What strikes me about the CKA troubleshooting curriculum is what it doesn’t teach. The exam covers the mechanics: identify a CrashLoopBackOff, fix an ImagePullBackOff, restart a busted kubelet. Those are important. But the actual skill of troubleshooting — the meta-skill — is something you can’t test in a 2-hour proctored exam. It’s the ability to narrow the search space fast.
Here’s what I mean. A pod won’t start. A junior engineer will read the pod spec, then the deployment spec, then the service spec, then the ingress spec, linearly, hoping to spot the typo. A senior engineer will run kubectl describe pod, read the events section bottom-up, and within 30 seconds know whether this is a scheduling problem, a pull problem, a resource problem, or an application problem. Same information, completely different search strategy.
The difference isn’t knowledge — it’s triage. Knowing that Pending means “the scheduler can’t place this” and CrashLoopBackOff means “the container starts and dies” and ImagePullBackOff means “the image doesn’t exist or you can’t auth to the registry” — those three facts eliminate 80% of the diagnostic tree in one command. That’s not deep expertise. It’s pattern recognition, and you build it by breaking things on purpose.
Which brings me to something I feel strongly about: the best CKA prep isn’t studying. It’s sabotage. Take a working cluster. Break it in specific, targeted ways. Misconfigure the kubelet flags. Delete the CNI config. Corrupt an etcd snapshot. Introduce a typo in a NetworkPolicy. Then fix it, with a timer running, using only kubectl, journalctl, and crictl. Do that fifty times and the exam will feel like a formality.

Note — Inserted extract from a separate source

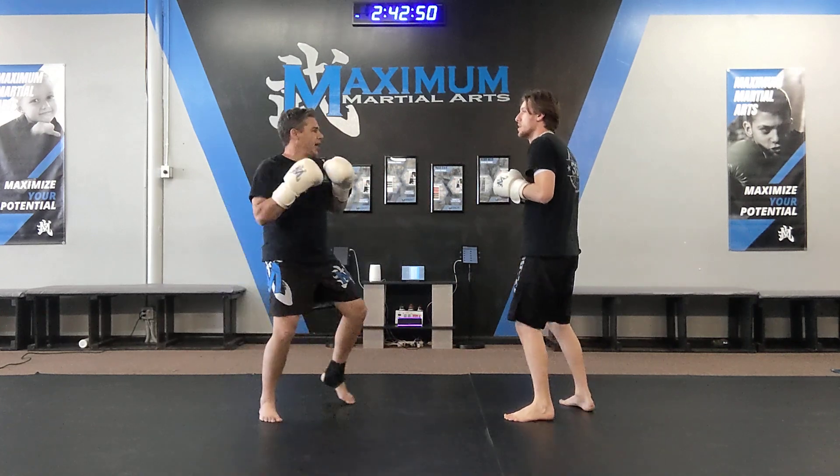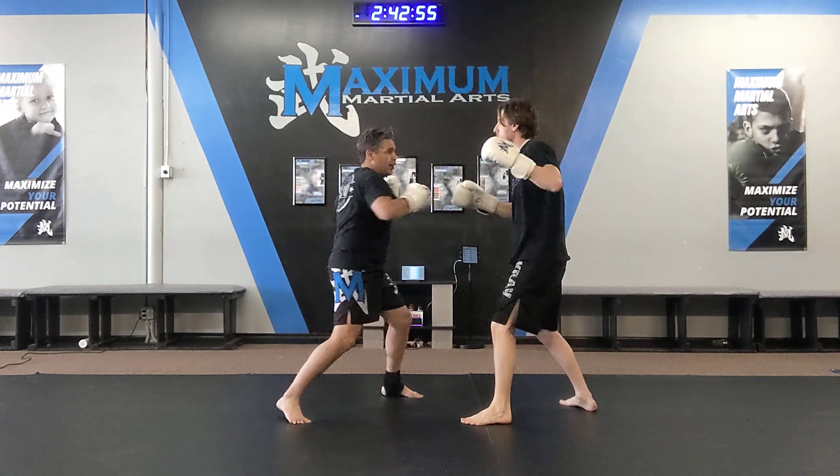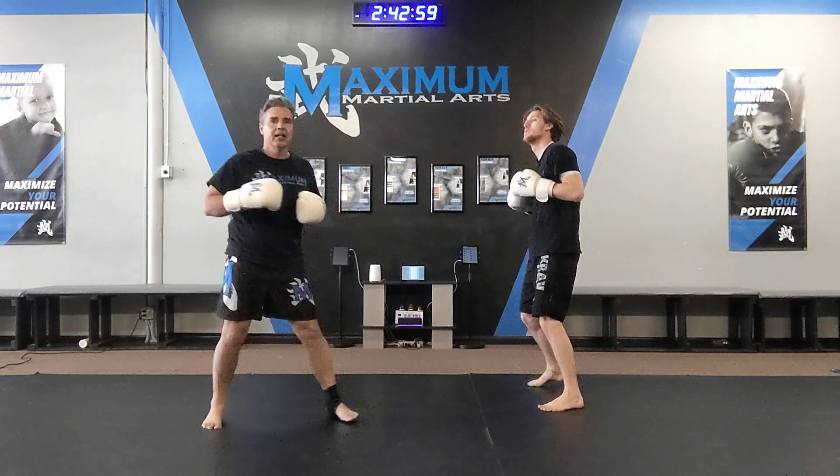Let's put it all together. So I go cross, body, body, uppercut, hook, hook, hook, hook, cross, round kick, round kick. Decker's Combo.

Josh has the physical lab idea on his list — Beelinks and Raspberry Pis running a real multi-node cluster. That’s perfect for this. You can’t simulate a kubelet crash on a managed EKS cluster. You can’t practice systemctl restart kubelet on a cluster you don’t own. The pain of bare metal is the point. The CKA tests whether you understand what’s happening below the API, and you can only learn that by having direct access to the machines.

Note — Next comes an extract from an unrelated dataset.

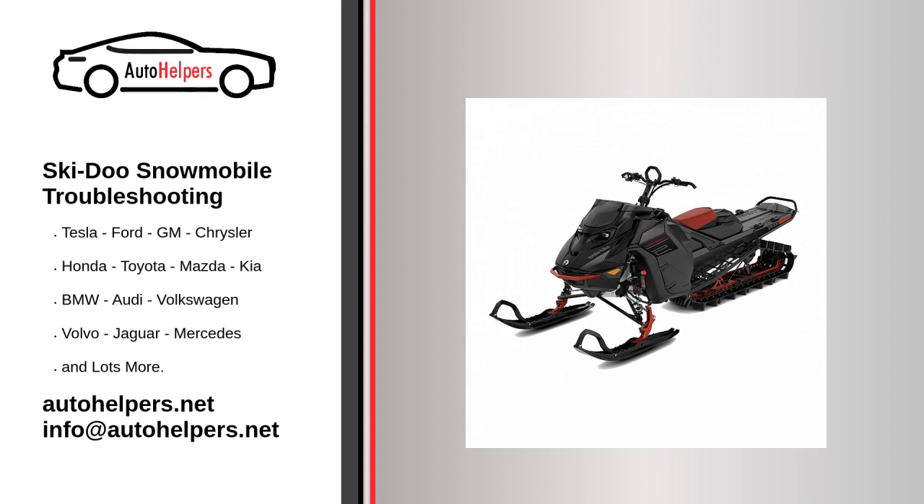Worn out spark plugs. You can check the condition of your spark plugs by removing them and grounding them on a head bolt. When the engine turns over, a spark should be visible. If there's no spark or it appears to be weak, that's a sign that your spark plugs need to be changed. If your spark plugs seem to be working fine, or you've replaced them but your snowmobile engine still won't turn over, there could be a bigger problem with the electrical system. Check some of the key components, including the plug caps, coils and wires, the charging discharge ignition box, and the regulator.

One more thing. The TODO shows the troubleshooting phase listed last, after storage and networking and deployments. I’d argue it should be first. Not because you need to master it first, but because troubleshooting is how you learn everything else. You don’t really understand Services until you’ve debugged one that isn’t routing. You don’t really understand PVCs until you’ve stared at a Pending PVC for twenty minutes before realizing the StorageClass doesn’t exist. The failure is the teacher.
Thirty percent of the exam. Ninety percent of the job. One hundred percent of the reason anyone will ever page you at 3 AM.